Saving Idaho’s Elk Country on a Grand Scale
By Lena Viall, Bugle Intern
The Danskin Mountains near Boise, Idaho, are a broad expanse providing critical winter range to thousands of elk and vital habitat for other wildlife. Unfortunately, the region lies in the projected path of tremendous urban growth spreading from Boise.
The same story echoes throughout southwest Idaho’s elk country.
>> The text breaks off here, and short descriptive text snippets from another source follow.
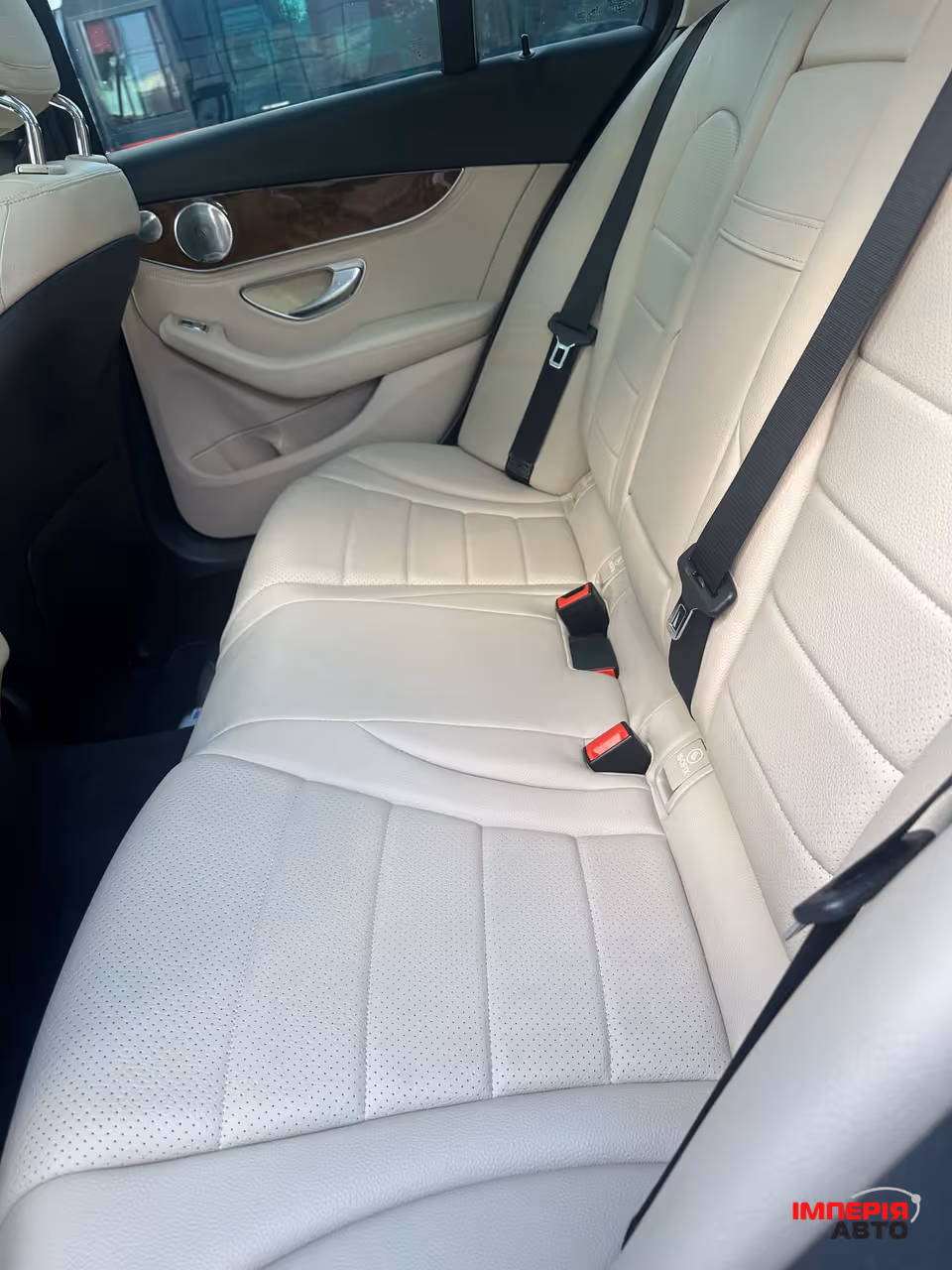 Mercedes-Benz C-Класс - фото 20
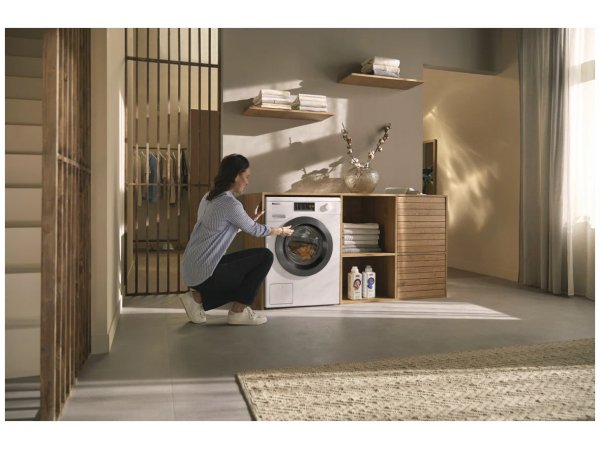 Стиральная машина Miele WEA025WCS Стиральная машина Miele WEA025WCS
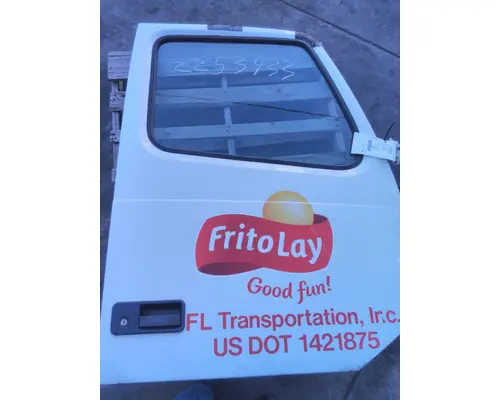 Door Assembly, Front VOLVO VNM 1999-2020 LKQ Western Truck Parts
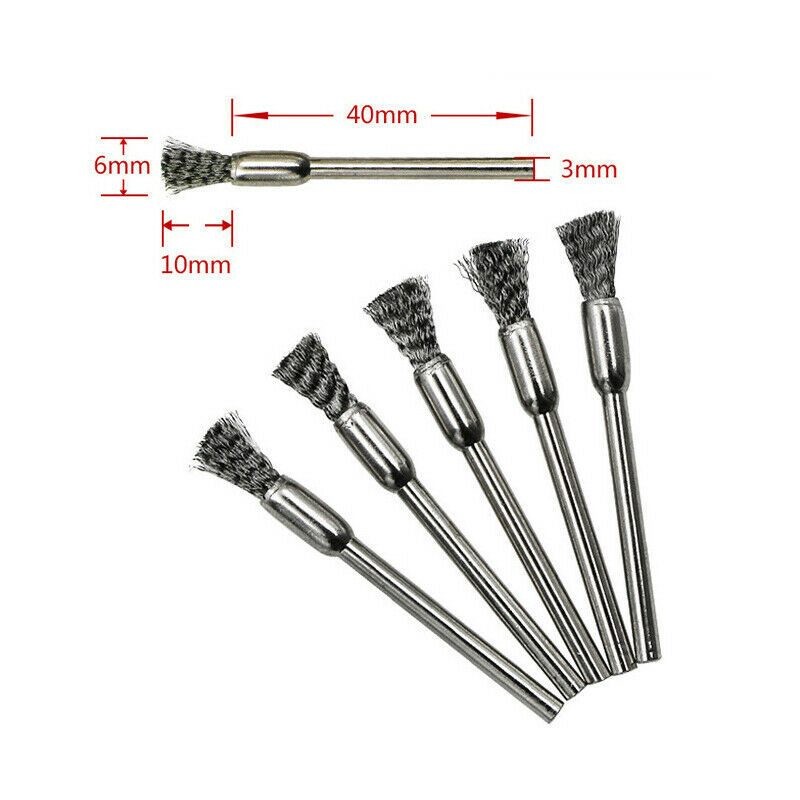 45pcs Wire Brush Set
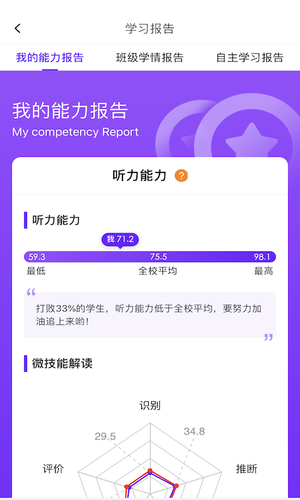 Utalk视听实训软件封面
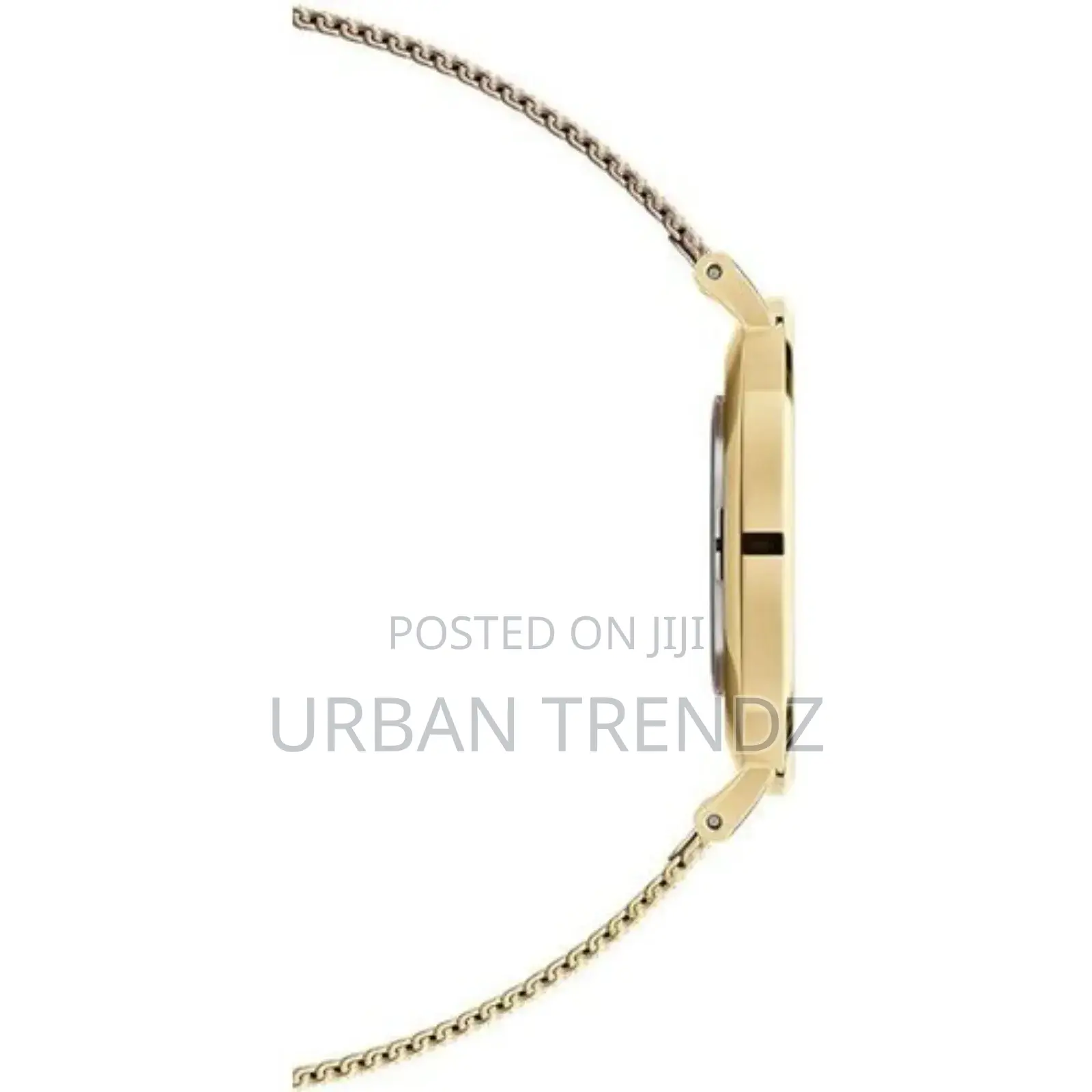Daniel Wellington Petite Watch Gold Stainless Steel -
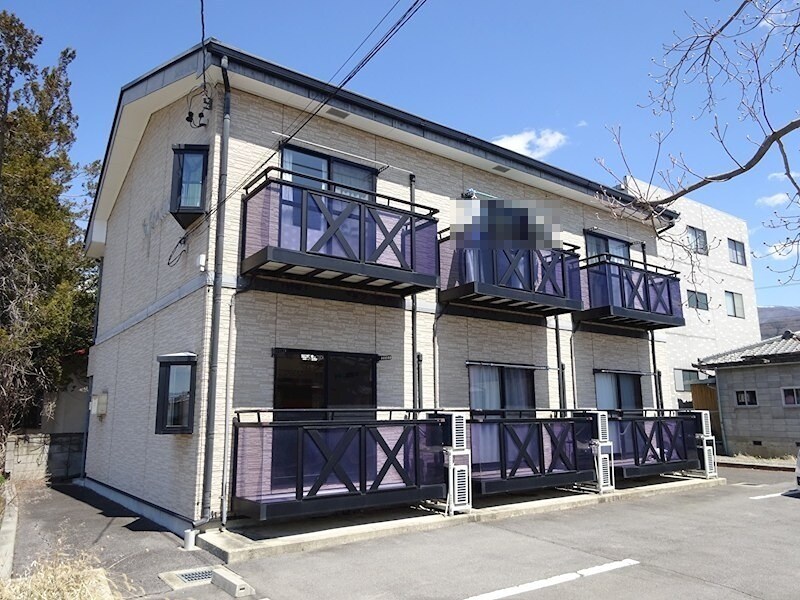 サープラスHIROの物件外観写真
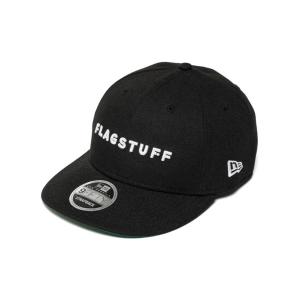 帽子 キャップ メンズ F-LAGSTUF-F CAP (xNEW ERA) 24AW-FS-SPOT-01FS1509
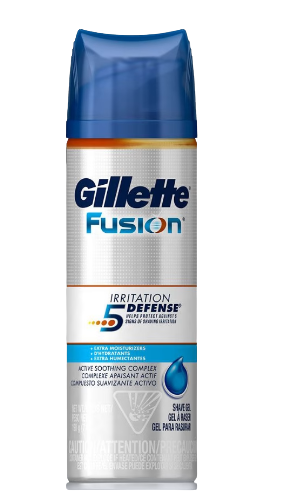 Gillette FUSION5 Shave Gel 200ml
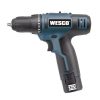 Taladro inalambrico 3/8 12v wesco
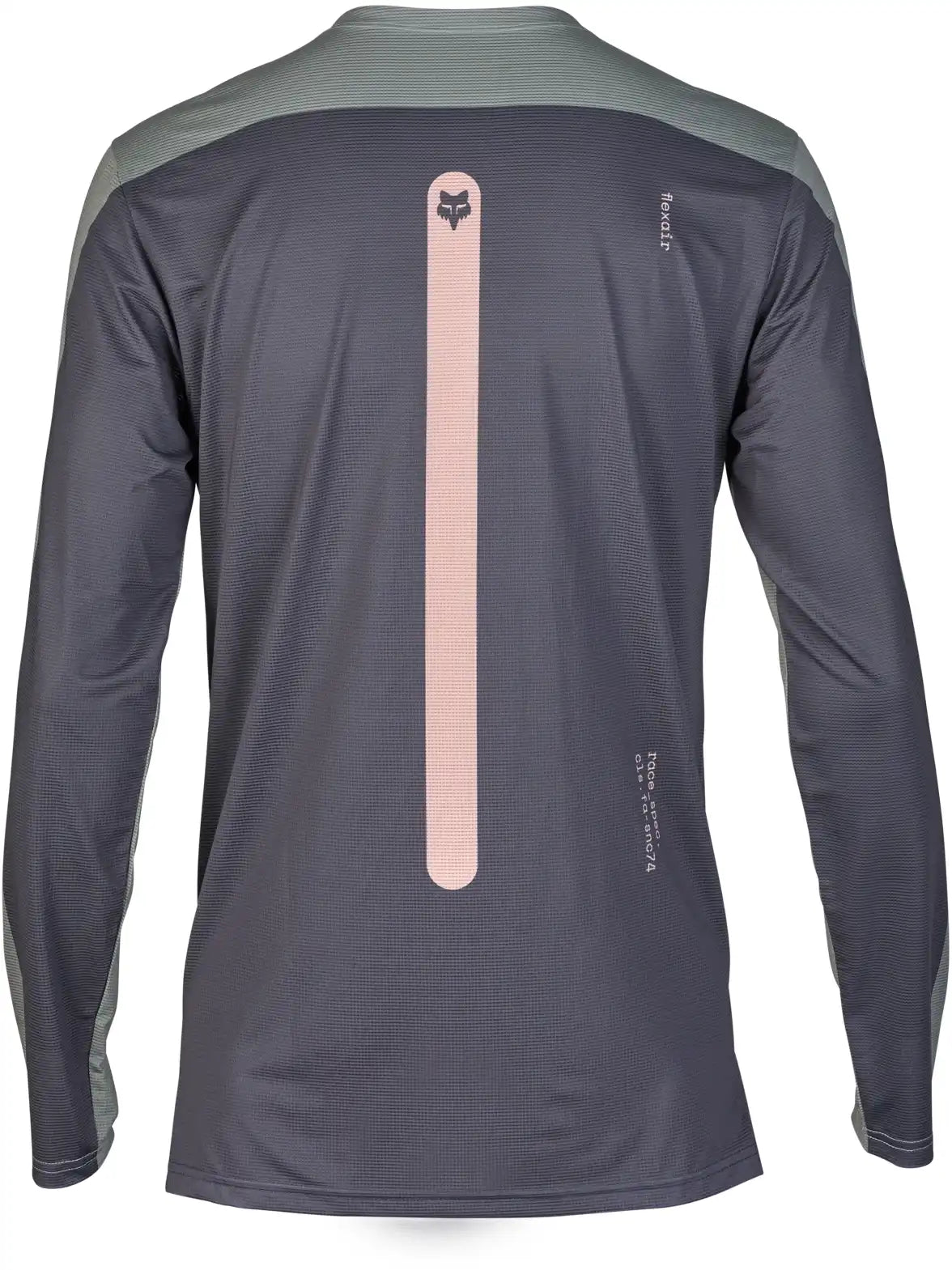 Fox Flexair Aviation LS Mens MTB Jersey - ABC Bikes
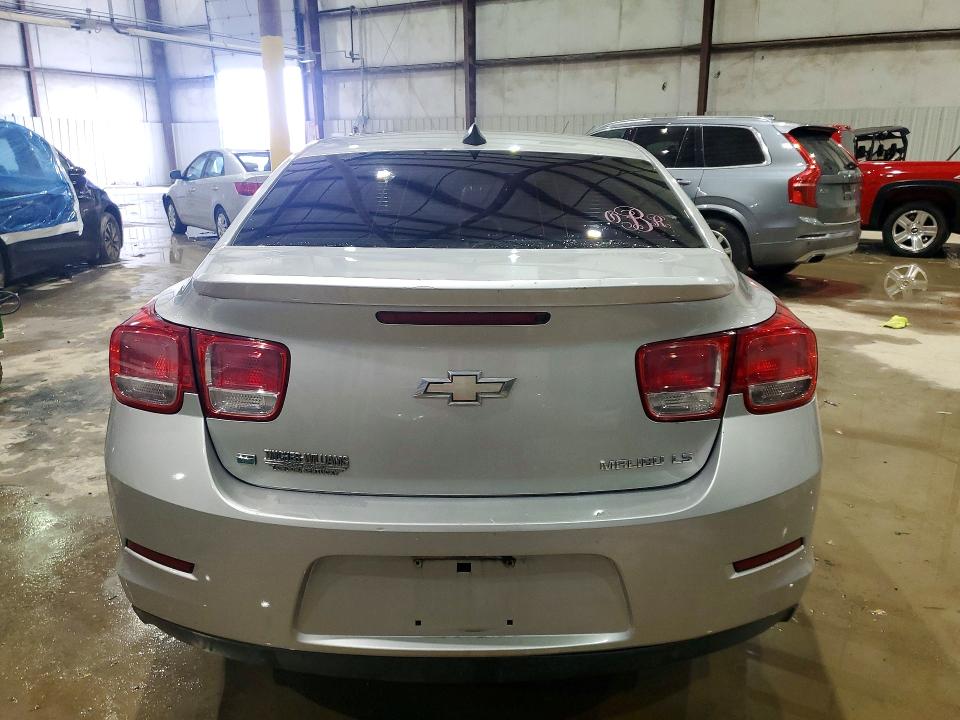 Photo 6 from auction – 2015 CHEVROLET MALIBU LS with VIN 1G11B5SLXFF166267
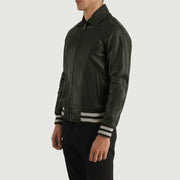
Walton Varsity Chaqueta de Cuero para Hombre – alternate product view 2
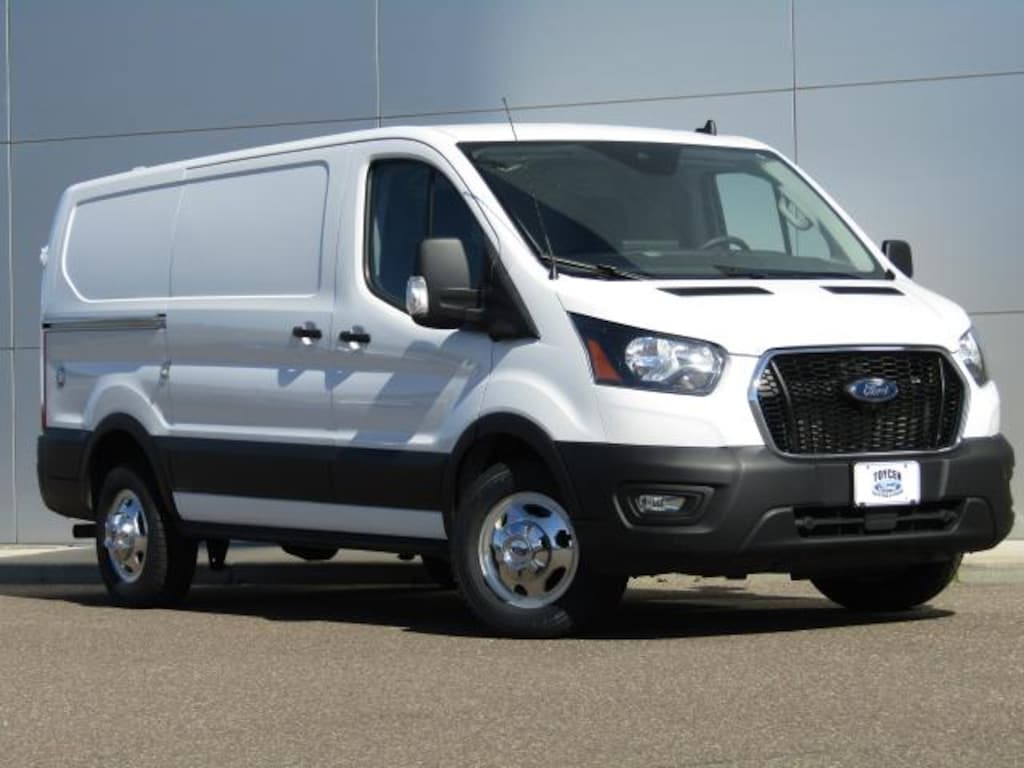 Used 2022 Ford Transit T-250 Crew VAN SWB LR 3.5tbo/A10 AWD Crew VAN Cargo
That’s why in 2008 the Elk Foundation created the Wildlife Habitat Conservation Partnership (WHCP), an alliance made up of conservation groups, federal, tribal and state agencies and private landowners that is working to develop and complete a far-reaching set of habitat projects for elk and other wildlife living in the fourth fastest growing state in the nation.
“We need to conserve habitat on a landscape scale if we are going to make a difference, and partnerships are vital to making that happen,” says Dave Torell, RMEF lands program manager for Southern Idaho and Nevada and WHCP founder.
Three groups make up the central core of the WHCP: RMEF, Idaho Department of Fish and Game (DFG), and Bureau of Land Management, all of which provide leadership and financing for the project. Other partners, including the U.S. Forest Service, The Nature Conservancy, Mule Deer Foundation, Natural Resource Conservation Service, Owyhee County Local Sage Grouse Working Group, several county commissions and coordinated weed management groups and landowners provide manpower, funding and input. The scope of the WHCP is as broad as its supporting organizations. Stretching across 13 counties, the partnership has identified three focus areas—the Owyhee Uplands, West-Central (primarily the Payette and Boise national forests), and Boise/Fairfield nestled between Boise and Mountain Home.
In the Danskin Mountains, the WHCP has implemented a variety of projects including weed treatment and reseeding on the Ditto Creek Ranch, an elk telemetry study, a 120-acre land exchange, and plans to implement wildlife habitat GIS data into rural planning.
“This project has been a long time coming,” says Dennis Radocha, longtime RMEF volunteer and chairman of the foundation’s Regional Chairs.
Torell says RMEF volunteers have been vital to the fundraising that powers the WHCP. They have worked tirelessly within their chapters and communities to spread the word about the WHCP and contact possible donors, and have already raised $80,000 to fund projects in 2009.
WHCP seeks to address the issue of habitat loss through public outreach as well. Already project managers have tapped area landowners regarding perceptions and interest in conservation projects on private lands and plan to hold a public symposium to address the impacts of growth and change on wildlife and habitat in Idaho. And, they have partnered with scientists from institutions like the University of Idaho. “We’ve brought the science to bear on the work,” says Torell. “We’re using professionals to help us design our projects and evaluate the differences that we make.”
Designed to evolve as the objectives and partners change, the WHCP has tremendous potential for growth, with only funding as the limiting factor. “We need to let the public know the resources are there, but we need their support to make this really go,” says DFG’s Greg Servheen.